The men fervently nodded and Ahren dropped a single gold into the beggar’s filthy hand. “You’ll get the other one once you’ve won it.” He turned and jogged to the brick wall blocking the passage.

“There you are, Ahren.” Marten stepped into the alleyway behind him; his face beaded with sweat. “I thought we might have lost you.” His accomplice moved up beside him, still clutching his wooden club.

“I don’t want to hurt you.” Marten drew his bone-handled knife. “So give me the bags and we’ll call it even, for an old friend’s sake.”

Ahren said nothing.

A half-smile curled on Marten’s weaselish face. “Very well.” Holding the blade out front, he and his thug stepped into the alley. “I didn’t want to hurt you. Not after what happened to Tretan. But business is—”

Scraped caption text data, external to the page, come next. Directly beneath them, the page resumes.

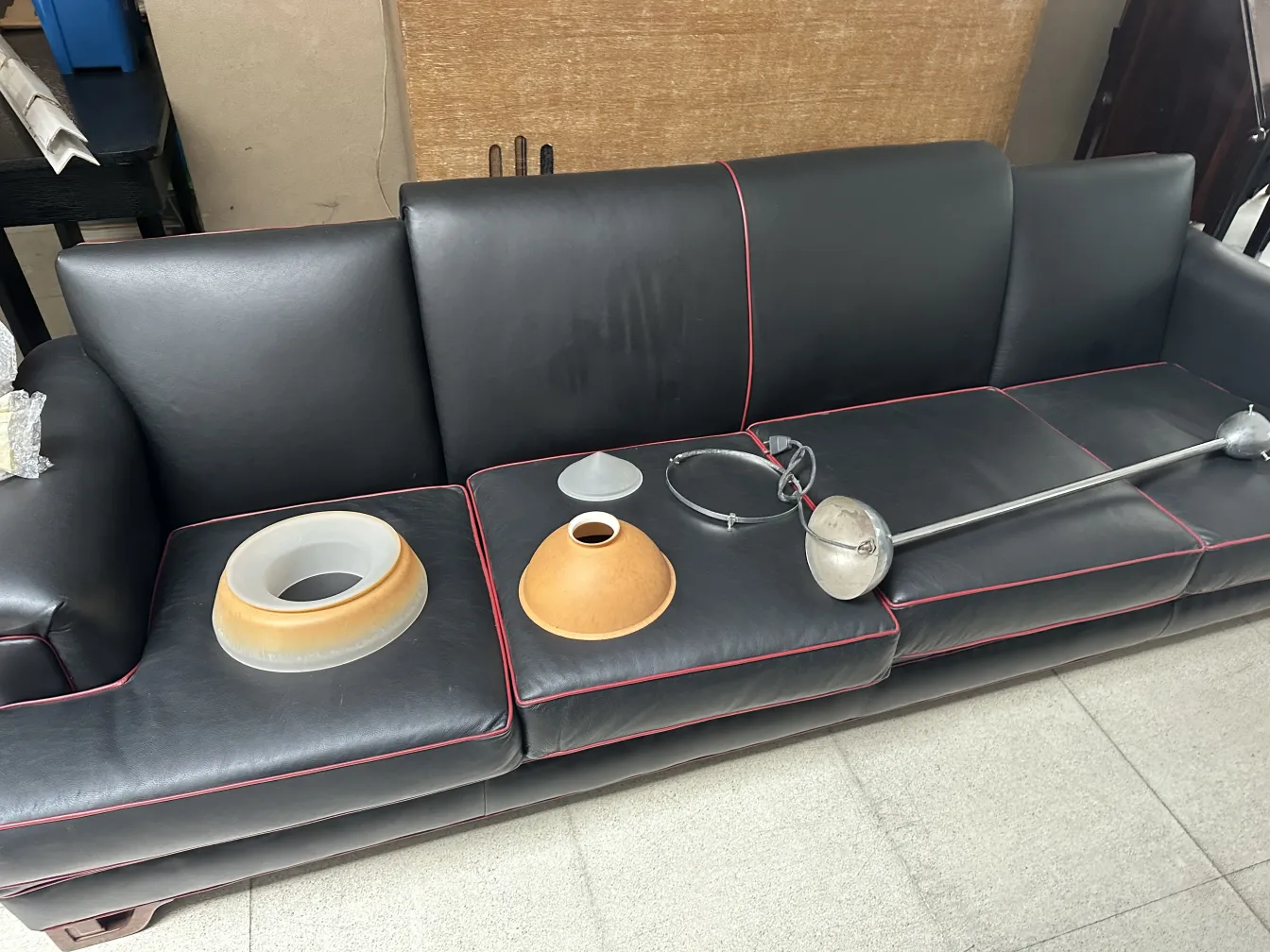 verschiedene teile einer antiken hängelampe auf einem sofa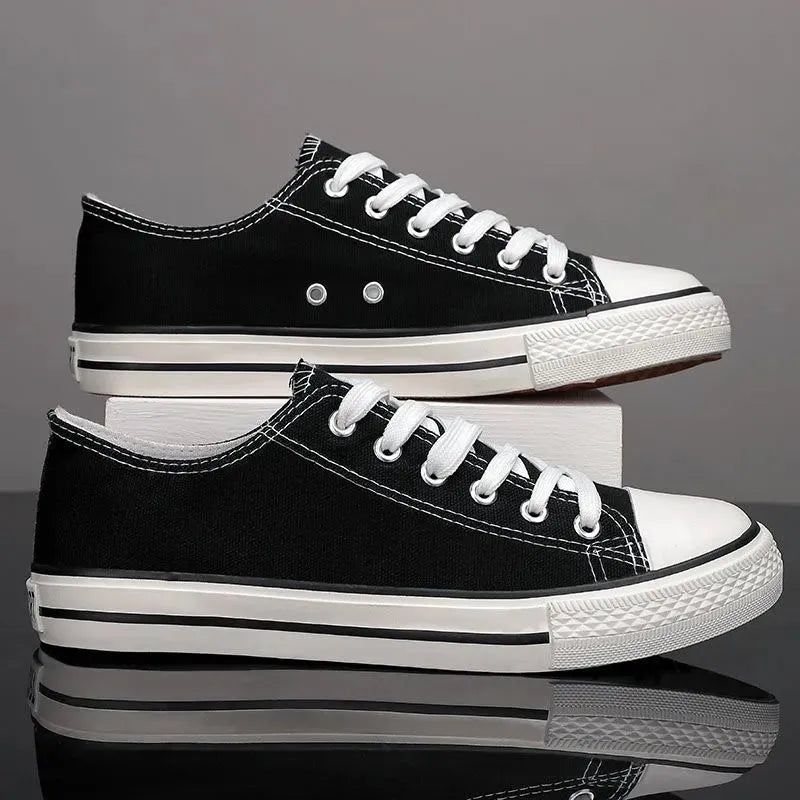 Baskets en toile à lacets et bout rond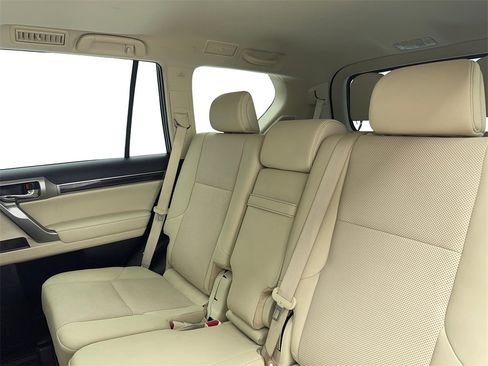 Used 2022 Lexus GX 460 Premium image 38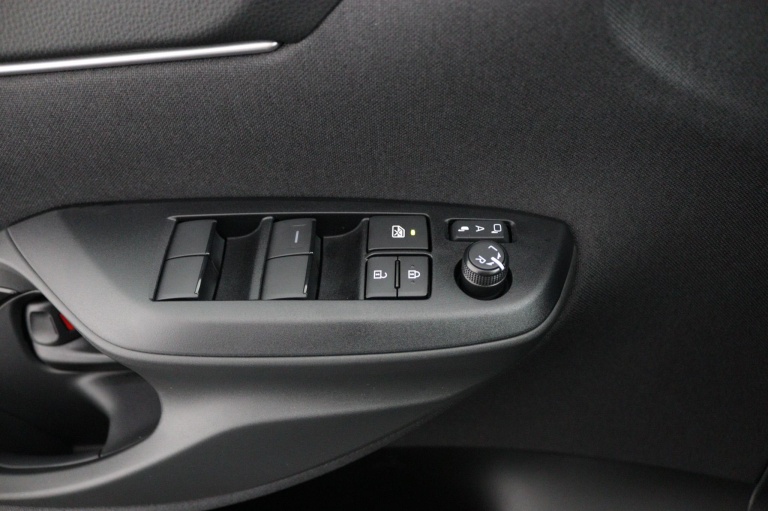 Toyota Yaris Cross - 1.5 Hybrid 130 Executive 27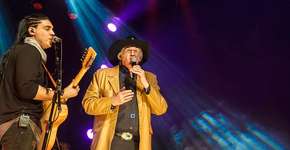 Sérgio Reis se apresenta com o filho Bavini em São Paulo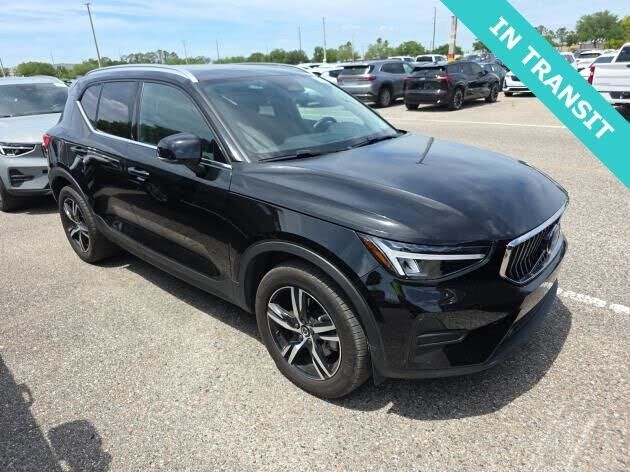 2025 VOLVO XC40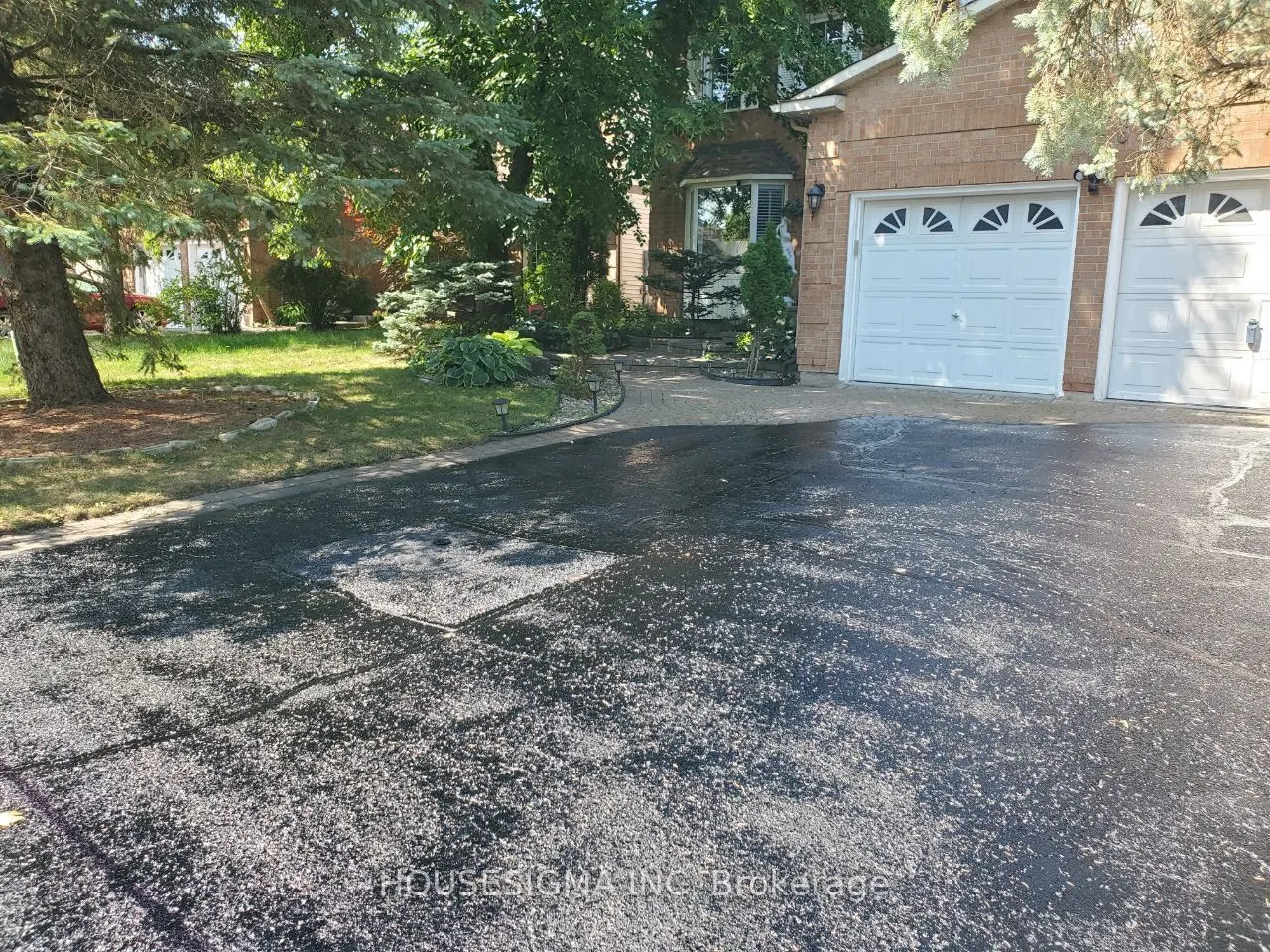 566 Falwyn Crescent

A broken brick smashed into Marten’s arm as the three beggars leaped like hungry wolves. One jumped onto the other man’s back, striking him again and again with boney fists. Screaming, the two men staggered back fighting off their sudden attackers. Turning, Ahren grabbed onto the rough-mortared wall and clambered up. Before dropping over the side, he tossed the second coin back into the alley.

Leaving the shouts and cries behind him, he trotted down the street and pulled the list from his pouch. He had eighteen points. Katze had at least ten that he knew of. She probably had twice that, if not more. He scanned the page, searching for the more valuable items, the most difficult. He bypassed the highest, wondering if it had graced every Thieves’ Duel list in the past decade, or if Griggs just put it there as a sick joke. He stopped just below it. Artisan’s Row lay only a few blocks away; a short jog for fifteen points. Returning the list to his satchel, he hurried toward Flagref’s Anvil.

The nighttime street grew busier as he neared the market area. Soldiers in chain shirts and private guards in hardened leather vests patrolled the rich shops lining the avenue. Gold and sparkling jewelry glistened from behind iron-barred windows. Turning down a wide lane Ahren passed white marble statues and the colorful pottery shops along Artisans’ Row. Ahead, a rhythmic ring echoed from a wide two-story shop. An armored guard dressed in a gleaming breastplate etched in spiraling designs stood beside the door. The hand at his belt rested beside a white inlaid sword grip accented with bronze.